@HousewifeOfHell: The thing that makes me suspicious of hair ties is you have either 25 of them, which show up on every surface of the house and the bottom of your bag, or zero. There is no in between.
@HousewifeOfHell: Do people who talk on their phones while driving know you can use driving as an excuse to avoid talking on the phone?
@HousewifeOfHell: I was really getting my act together--eating right, exercising regularly, looking hot, feeling strong, and doing good work. Then I woke up.
@HousewifeOfHell: I tried bringing sexy back, but it scratched me, scampered away, and hid under a car.

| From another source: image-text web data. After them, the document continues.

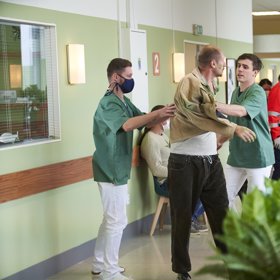 V Anatomii života dojde k bitce.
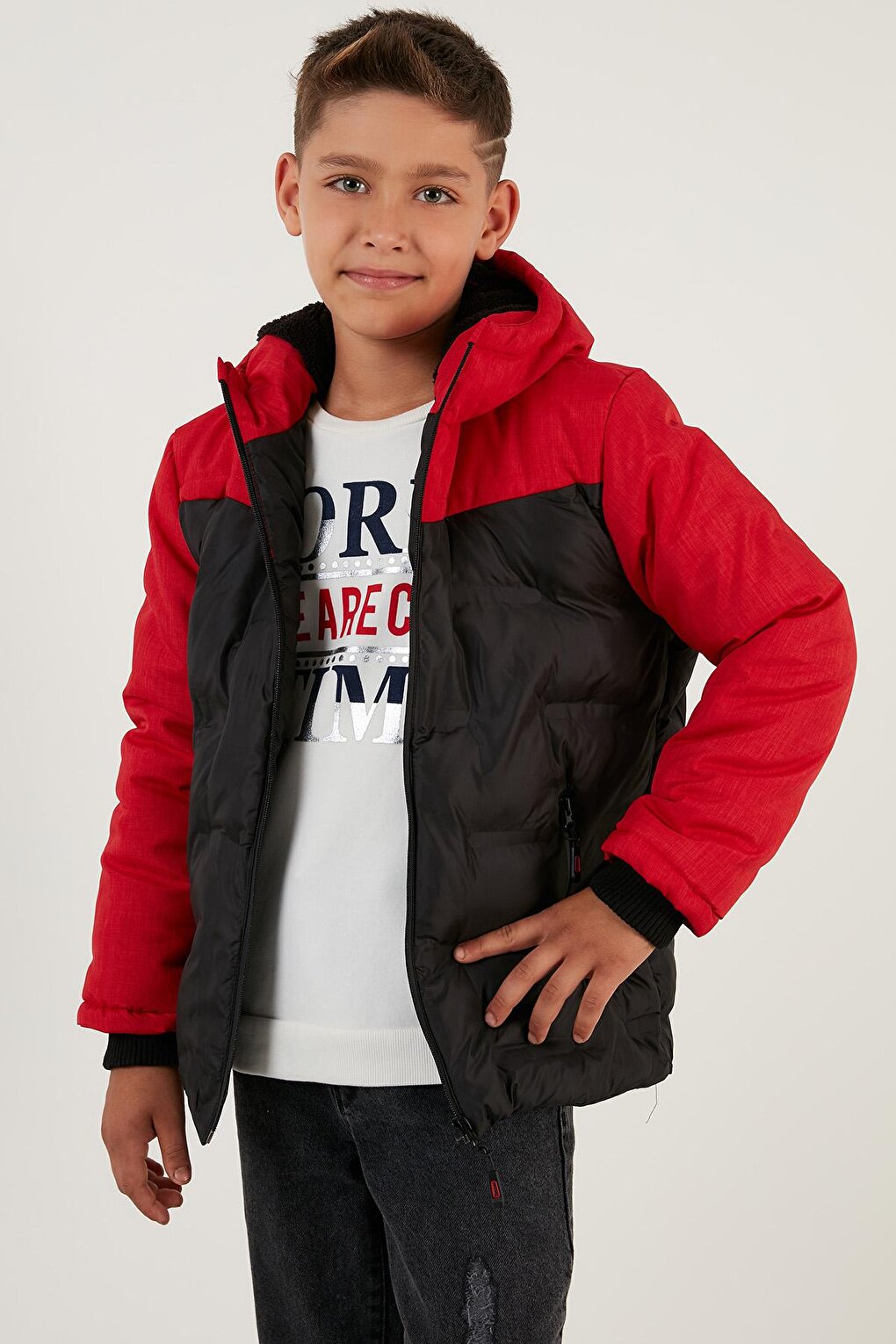 Hooded Puffer Coat with Plush Lining and Zippered Pockets 5760041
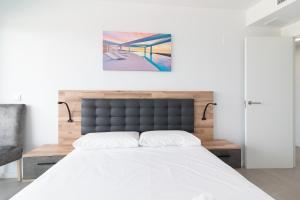 Global Properties, Apartamento de dos terrazas con vistas al mar y piscina en Canet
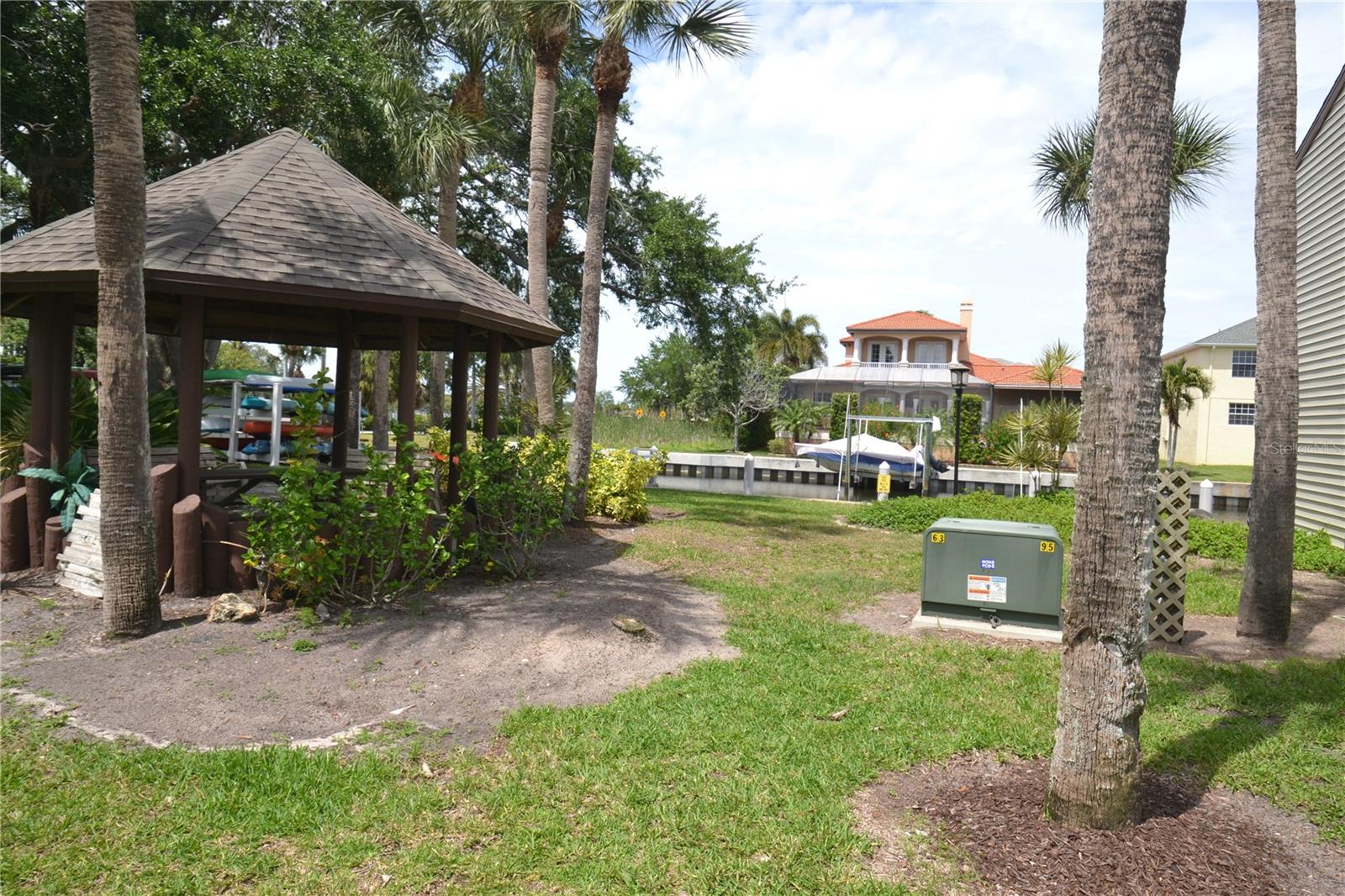 329 MOORINGS COVE DR, TARPON SPRINGS, FL, 34689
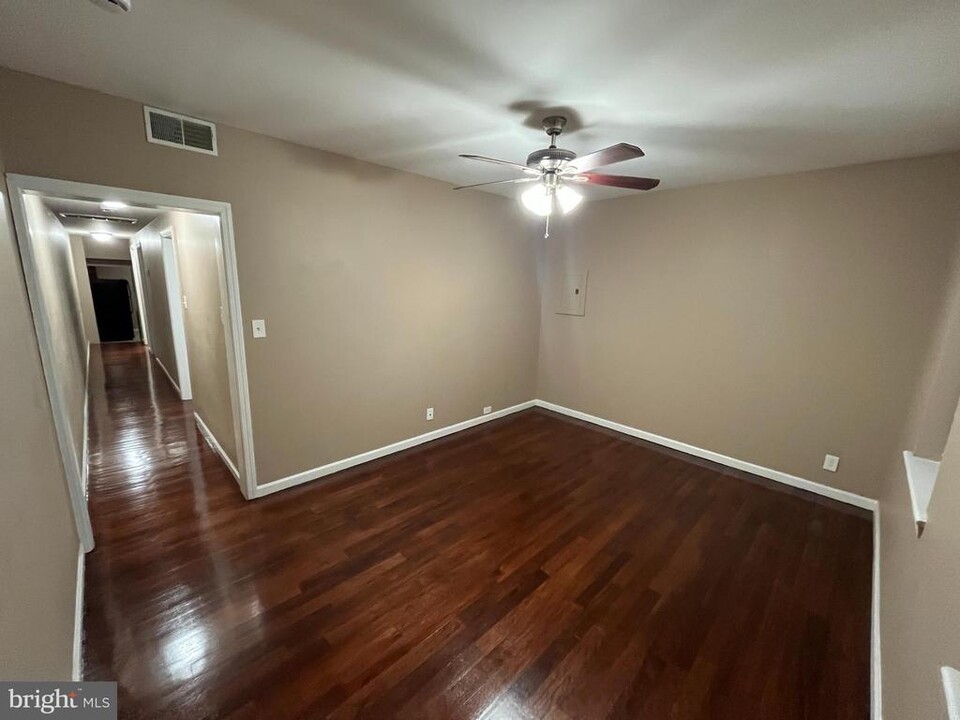 17 Lafayette St-Unit -B in Riverside, NJ - Building Photo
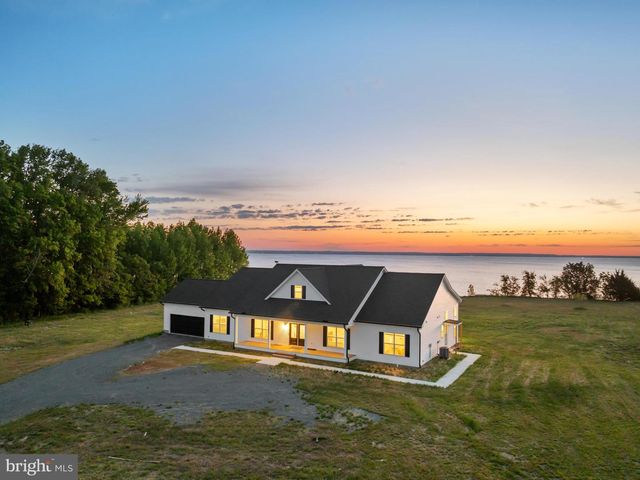 8641 SANDY BEACH LN, King George, VA 22485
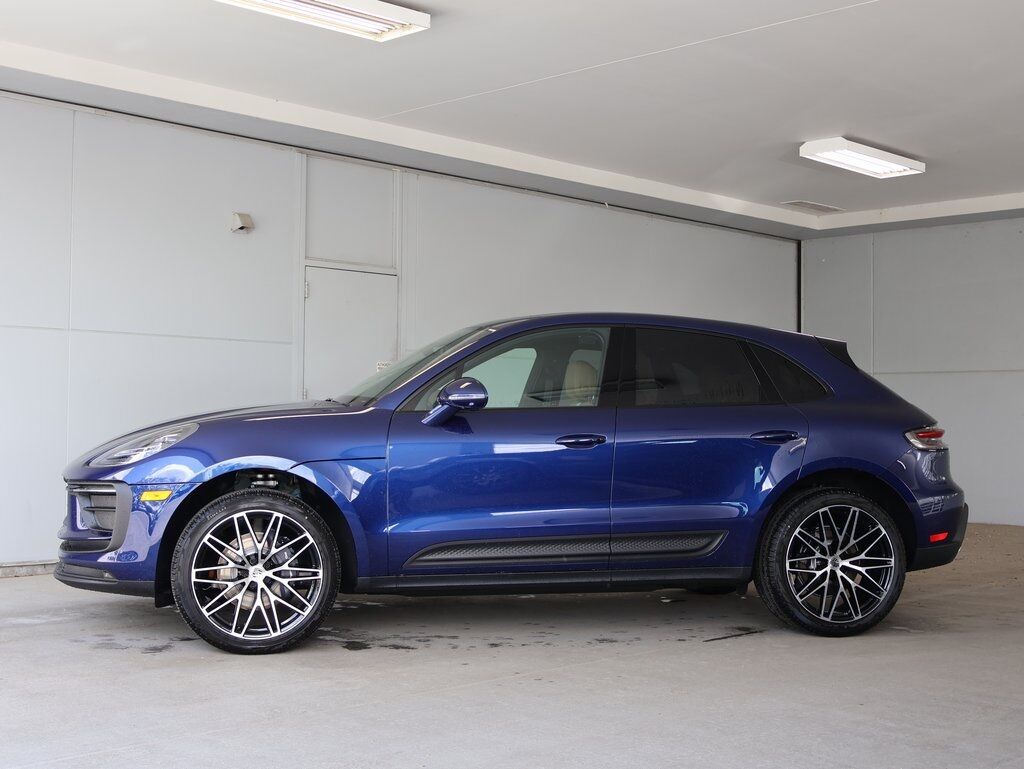 2025 Porsche Macan
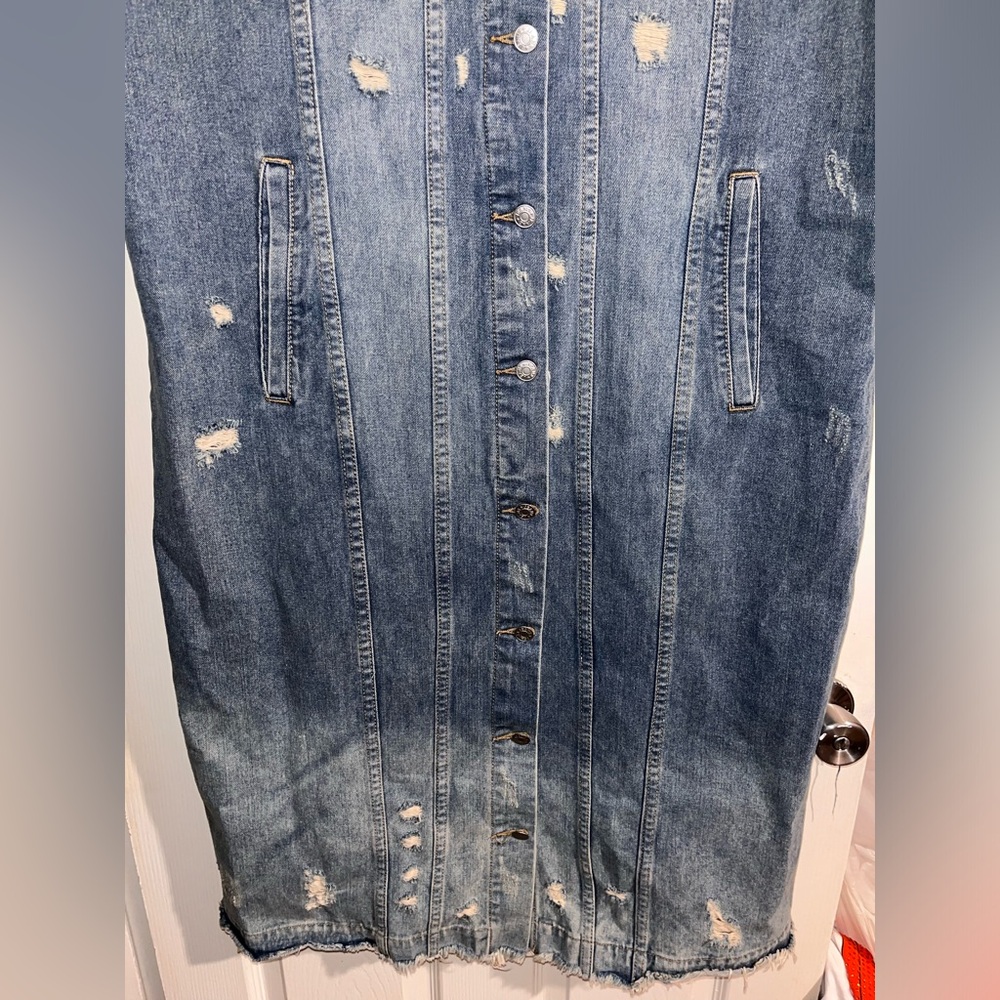 Distressed Sleeveless Denim Long Jacket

@HousewifeOfHell: The neighbor kid talks a lot of shit for someone who isn't allowed to leave the yard.
@HousewifeOfHell: College Math: Your kid lives in a dorm room the size of a matchbox. When she moves home, her belongings fill every inch of an entire house. How is it possible? Calculator allowed. Show your work.
@HousewifeOfHell: I just read that pandas don't have many opportunities for sex, and then don't know how to do it. Finally found my spirit animal.
@HousewifeOfHell: ...and when you saw 3 sets of footprints in the sand, that's when it took the entire Holy Trinity to carry you after all those piña coladas.
@HousewifeOfHell: Sooo romantic. He said I'm a work of art.
Or a piece of work. Something like that.